* WHAT YOU ARE ASKED TO DO *
From the line with "Bộ Nồi Lẩu Inox" through the line with "Vật Liệu composite Lỏng Esflow của Hàn Quốc", repeat the entries verbatim, both end lines included, and add nothing.

++++ DATA FOR ANALYSIS

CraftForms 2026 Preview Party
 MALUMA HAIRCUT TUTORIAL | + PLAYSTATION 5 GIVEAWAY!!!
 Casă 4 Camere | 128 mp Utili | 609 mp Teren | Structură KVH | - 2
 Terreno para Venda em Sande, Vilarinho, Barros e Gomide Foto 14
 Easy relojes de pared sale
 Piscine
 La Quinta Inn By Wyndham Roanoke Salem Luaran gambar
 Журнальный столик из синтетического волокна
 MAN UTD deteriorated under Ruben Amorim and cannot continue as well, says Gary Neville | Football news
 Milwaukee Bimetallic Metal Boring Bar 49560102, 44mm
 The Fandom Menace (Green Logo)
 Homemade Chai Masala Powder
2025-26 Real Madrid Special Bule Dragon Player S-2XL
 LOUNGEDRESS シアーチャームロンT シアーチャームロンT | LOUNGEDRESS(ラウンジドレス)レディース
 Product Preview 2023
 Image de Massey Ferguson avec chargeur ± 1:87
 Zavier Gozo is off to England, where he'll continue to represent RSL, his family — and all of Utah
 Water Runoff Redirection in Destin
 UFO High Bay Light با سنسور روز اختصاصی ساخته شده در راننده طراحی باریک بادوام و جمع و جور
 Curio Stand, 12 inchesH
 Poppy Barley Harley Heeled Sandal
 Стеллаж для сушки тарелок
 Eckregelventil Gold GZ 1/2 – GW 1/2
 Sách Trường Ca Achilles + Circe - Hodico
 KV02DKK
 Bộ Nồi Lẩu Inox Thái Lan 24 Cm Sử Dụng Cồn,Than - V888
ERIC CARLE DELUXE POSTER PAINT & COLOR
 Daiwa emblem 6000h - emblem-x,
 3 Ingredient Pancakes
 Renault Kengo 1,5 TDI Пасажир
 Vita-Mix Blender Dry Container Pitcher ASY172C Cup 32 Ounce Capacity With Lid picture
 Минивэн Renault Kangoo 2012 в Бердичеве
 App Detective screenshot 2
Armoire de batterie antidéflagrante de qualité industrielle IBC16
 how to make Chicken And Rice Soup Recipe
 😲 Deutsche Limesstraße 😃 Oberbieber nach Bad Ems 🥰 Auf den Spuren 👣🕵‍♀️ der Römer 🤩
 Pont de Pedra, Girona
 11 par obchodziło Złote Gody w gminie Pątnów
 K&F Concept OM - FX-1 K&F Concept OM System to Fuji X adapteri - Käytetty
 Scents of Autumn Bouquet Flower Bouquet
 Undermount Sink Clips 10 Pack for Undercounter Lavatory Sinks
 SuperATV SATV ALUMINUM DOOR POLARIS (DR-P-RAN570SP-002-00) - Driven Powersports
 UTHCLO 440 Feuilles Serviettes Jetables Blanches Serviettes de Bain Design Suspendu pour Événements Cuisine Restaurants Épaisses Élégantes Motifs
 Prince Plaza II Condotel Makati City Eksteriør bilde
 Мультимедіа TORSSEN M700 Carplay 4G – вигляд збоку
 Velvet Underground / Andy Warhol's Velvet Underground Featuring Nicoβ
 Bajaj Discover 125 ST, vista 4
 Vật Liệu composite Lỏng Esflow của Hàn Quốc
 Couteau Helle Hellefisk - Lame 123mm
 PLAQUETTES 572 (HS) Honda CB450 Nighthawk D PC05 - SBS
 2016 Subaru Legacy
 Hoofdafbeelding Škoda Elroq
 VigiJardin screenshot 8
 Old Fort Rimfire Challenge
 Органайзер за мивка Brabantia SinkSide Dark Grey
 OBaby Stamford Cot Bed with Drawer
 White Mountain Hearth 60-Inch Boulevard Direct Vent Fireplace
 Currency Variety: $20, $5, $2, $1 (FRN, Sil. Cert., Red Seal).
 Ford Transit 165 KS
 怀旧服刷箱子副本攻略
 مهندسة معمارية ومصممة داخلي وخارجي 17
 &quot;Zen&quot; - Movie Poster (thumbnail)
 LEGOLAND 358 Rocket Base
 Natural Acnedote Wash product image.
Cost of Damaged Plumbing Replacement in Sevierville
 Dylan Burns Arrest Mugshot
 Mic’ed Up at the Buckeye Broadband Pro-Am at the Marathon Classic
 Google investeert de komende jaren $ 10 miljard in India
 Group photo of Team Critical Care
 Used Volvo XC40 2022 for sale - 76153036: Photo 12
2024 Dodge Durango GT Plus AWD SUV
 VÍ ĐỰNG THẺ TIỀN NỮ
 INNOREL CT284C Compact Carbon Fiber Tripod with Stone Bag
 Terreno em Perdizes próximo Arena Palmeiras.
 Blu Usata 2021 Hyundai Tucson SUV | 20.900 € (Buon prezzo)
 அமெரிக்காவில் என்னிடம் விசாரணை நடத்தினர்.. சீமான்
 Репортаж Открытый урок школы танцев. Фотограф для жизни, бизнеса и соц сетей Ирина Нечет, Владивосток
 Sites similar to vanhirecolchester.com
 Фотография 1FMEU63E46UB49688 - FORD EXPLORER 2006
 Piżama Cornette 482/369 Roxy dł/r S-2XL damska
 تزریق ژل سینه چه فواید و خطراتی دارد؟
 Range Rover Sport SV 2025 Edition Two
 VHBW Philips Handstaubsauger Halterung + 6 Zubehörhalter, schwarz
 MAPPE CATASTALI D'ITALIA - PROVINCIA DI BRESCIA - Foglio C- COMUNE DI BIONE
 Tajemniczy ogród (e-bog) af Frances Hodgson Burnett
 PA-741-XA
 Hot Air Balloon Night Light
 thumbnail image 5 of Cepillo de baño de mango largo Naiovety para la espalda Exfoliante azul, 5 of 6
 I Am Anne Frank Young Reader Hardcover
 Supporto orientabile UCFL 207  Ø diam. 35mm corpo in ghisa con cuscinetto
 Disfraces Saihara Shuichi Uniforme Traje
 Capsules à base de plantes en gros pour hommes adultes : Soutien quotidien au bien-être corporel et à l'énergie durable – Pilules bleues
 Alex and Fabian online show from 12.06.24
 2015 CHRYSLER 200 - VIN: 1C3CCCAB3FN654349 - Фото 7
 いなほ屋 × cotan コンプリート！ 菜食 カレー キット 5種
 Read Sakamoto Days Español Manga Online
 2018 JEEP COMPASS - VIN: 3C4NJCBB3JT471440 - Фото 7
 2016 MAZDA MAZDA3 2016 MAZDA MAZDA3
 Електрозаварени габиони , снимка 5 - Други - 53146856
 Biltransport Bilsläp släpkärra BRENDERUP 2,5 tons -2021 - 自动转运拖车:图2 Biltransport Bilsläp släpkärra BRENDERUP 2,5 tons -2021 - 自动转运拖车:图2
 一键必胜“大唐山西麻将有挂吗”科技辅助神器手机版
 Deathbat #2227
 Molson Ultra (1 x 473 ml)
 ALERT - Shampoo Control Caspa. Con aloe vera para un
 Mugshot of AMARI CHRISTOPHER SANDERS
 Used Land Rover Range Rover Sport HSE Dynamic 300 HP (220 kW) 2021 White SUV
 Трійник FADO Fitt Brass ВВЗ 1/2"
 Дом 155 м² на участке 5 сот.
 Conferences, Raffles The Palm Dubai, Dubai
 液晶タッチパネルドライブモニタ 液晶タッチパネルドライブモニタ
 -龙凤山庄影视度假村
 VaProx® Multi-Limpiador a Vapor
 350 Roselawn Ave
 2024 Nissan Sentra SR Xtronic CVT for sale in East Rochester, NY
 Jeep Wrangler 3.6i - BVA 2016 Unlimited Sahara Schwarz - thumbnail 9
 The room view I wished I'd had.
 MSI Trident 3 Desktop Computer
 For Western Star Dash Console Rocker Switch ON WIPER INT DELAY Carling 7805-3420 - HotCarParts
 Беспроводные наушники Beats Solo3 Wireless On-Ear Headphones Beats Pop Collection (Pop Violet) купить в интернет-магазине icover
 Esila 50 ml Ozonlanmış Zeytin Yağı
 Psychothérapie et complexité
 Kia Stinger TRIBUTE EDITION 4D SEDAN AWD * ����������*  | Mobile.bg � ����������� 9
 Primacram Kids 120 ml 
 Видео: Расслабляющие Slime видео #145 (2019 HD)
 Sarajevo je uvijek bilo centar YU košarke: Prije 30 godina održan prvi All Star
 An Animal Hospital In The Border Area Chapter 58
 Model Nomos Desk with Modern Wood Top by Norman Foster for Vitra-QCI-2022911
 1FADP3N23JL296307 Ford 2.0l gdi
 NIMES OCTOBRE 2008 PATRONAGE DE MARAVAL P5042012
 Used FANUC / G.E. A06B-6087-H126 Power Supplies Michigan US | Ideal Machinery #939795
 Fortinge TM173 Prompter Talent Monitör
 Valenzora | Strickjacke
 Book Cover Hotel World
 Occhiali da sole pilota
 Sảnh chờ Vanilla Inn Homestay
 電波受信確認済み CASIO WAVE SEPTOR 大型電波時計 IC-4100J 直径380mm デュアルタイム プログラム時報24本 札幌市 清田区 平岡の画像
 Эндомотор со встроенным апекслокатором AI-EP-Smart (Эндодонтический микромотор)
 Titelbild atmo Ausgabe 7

++++++++

* OUTPUT BELOW *
 Bộ Nồi Lẩu Inox Thái Lan 24 Cm Sử Dụng Cồn,Than - V888
ERIC CARLE DELUXE POSTER PAINT & COLOR
 Daiwa emblem 6000h - emblem-x,
 3 Ingredient Pancakes
 Renault Kengo 1,5 TDI Пасажир
 Vita-Mix Blender Dry Container Pitcher ASY172C Cup 32 Ounce Capacity With Lid picture
 Минивэн Renault Kangoo 2012 в Бердичеве
 App Detective screenshot 2
Armoire de batterie antidéflagrante de qualité industrielle IBC16
 how to make Chicken And Rice Soup Recipe
 😲 Deutsche Limesstraße 😃 Oberbieber nach Bad Ems 🥰 Auf den Spuren 👣🕵‍♀️ der Römer 🤩
 Pont de Pedra, Girona
 11 par obchodziło Złote Gody w gminie Pątnów
 K&F Concept OM - FX-1 K&F Concept OM System to Fuji X adapteri - Käytetty
 Scents of Autumn Bouquet Flower Bouquet
 Undermount Sink Clips 10 Pack for Undercounter Lavatory Sinks
 SuperATV SATV ALUMINUM DOOR POLARIS (DR-P-RAN570SP-002-00) - Driven Powersports
 UTHCLO 440 Feuilles Serviettes Jetables Blanches Serviettes de Bain Design Suspendu pour Événements Cuisine Restaurants Épaisses Élégantes Motifs
 Prince Plaza II Condotel Makati City Eksteriør bilde
 Мультимедіа TORSSEN M700 Carplay 4G – вигляд збоку
 Velvet Underground / Andy Warhol's Velvet Underground Featuring Nicoβ
 Bajaj Discover 125 ST, vista 4
 Vật Liệu composite Lỏng Esflow của Hàn Quốc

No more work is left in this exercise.